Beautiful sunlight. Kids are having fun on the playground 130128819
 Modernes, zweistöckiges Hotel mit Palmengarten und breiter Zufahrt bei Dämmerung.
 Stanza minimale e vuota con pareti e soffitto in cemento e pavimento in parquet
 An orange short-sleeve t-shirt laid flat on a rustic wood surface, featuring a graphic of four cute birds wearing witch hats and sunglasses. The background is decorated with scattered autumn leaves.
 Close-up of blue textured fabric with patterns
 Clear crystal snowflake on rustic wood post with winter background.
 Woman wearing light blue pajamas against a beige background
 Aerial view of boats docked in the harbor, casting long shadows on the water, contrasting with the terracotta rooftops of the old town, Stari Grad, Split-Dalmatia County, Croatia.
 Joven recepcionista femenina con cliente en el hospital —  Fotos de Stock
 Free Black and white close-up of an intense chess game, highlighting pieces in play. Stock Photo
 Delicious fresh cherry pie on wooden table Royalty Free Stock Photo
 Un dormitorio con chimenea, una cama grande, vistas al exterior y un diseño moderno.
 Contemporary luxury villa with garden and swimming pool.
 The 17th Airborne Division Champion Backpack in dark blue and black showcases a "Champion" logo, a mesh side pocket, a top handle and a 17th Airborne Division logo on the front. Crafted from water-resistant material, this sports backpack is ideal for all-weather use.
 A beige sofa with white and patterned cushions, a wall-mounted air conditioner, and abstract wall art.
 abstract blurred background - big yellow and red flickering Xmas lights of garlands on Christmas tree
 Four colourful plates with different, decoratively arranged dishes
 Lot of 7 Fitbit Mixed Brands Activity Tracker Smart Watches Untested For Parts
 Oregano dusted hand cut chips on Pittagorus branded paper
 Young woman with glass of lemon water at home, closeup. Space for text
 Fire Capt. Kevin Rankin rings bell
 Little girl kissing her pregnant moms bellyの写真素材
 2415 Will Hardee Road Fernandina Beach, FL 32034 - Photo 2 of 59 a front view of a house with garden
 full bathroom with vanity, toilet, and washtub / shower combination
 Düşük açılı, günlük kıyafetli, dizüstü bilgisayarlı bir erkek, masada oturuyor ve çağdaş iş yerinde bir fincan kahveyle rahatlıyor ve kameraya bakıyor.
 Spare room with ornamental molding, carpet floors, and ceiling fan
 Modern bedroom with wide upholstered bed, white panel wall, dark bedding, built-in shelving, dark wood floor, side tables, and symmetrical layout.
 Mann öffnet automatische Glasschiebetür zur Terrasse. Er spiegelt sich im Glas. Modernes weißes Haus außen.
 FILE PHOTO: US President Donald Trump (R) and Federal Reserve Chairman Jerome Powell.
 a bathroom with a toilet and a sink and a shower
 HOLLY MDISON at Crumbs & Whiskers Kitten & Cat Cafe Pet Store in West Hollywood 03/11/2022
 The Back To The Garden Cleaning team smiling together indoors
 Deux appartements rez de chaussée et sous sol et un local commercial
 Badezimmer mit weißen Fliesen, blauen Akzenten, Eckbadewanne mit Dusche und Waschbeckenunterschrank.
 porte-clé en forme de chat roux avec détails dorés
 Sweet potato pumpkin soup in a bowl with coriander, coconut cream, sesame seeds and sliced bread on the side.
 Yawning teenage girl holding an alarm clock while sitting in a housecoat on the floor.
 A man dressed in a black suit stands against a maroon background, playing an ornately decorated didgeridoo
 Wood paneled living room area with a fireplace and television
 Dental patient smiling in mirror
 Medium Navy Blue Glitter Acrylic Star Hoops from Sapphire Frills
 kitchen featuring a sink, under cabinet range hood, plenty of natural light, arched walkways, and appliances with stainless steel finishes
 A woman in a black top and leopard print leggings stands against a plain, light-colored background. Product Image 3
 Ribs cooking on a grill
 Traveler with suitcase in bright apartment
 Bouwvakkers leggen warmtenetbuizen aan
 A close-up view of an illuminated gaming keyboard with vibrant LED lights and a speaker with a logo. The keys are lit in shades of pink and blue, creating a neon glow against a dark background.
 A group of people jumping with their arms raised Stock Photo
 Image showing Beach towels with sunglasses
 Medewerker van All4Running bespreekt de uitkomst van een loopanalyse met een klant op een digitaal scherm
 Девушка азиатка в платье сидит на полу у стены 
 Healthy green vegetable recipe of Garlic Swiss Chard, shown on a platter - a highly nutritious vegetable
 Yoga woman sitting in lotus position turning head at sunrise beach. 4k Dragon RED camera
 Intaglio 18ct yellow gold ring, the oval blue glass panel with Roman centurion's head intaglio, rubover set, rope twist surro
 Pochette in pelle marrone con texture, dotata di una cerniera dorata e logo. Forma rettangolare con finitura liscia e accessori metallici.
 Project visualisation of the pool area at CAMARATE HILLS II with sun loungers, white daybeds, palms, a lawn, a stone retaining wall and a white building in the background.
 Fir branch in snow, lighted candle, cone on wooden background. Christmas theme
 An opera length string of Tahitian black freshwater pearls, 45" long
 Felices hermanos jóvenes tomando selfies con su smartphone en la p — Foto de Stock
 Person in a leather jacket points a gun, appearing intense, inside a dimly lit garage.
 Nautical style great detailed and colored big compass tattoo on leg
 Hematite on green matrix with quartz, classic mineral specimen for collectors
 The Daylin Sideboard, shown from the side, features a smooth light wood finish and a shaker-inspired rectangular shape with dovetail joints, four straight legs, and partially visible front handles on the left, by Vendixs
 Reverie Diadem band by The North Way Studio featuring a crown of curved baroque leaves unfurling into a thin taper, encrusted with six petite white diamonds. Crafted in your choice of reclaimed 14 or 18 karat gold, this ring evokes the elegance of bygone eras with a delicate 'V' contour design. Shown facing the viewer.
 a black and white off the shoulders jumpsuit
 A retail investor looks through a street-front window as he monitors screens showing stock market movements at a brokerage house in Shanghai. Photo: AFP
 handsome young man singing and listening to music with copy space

======

Wherever "head" appears in a line of the entries, copy that line.

-- RESULT BELOW --
 Yoga woman sitting in lotus position turning head at sunrise beach. 4k Dragon RED camera
 Intaglio 18ct yellow gold ring, the oval blue glass panel with Roman centurion's head intaglio, rubover set, rope twist surro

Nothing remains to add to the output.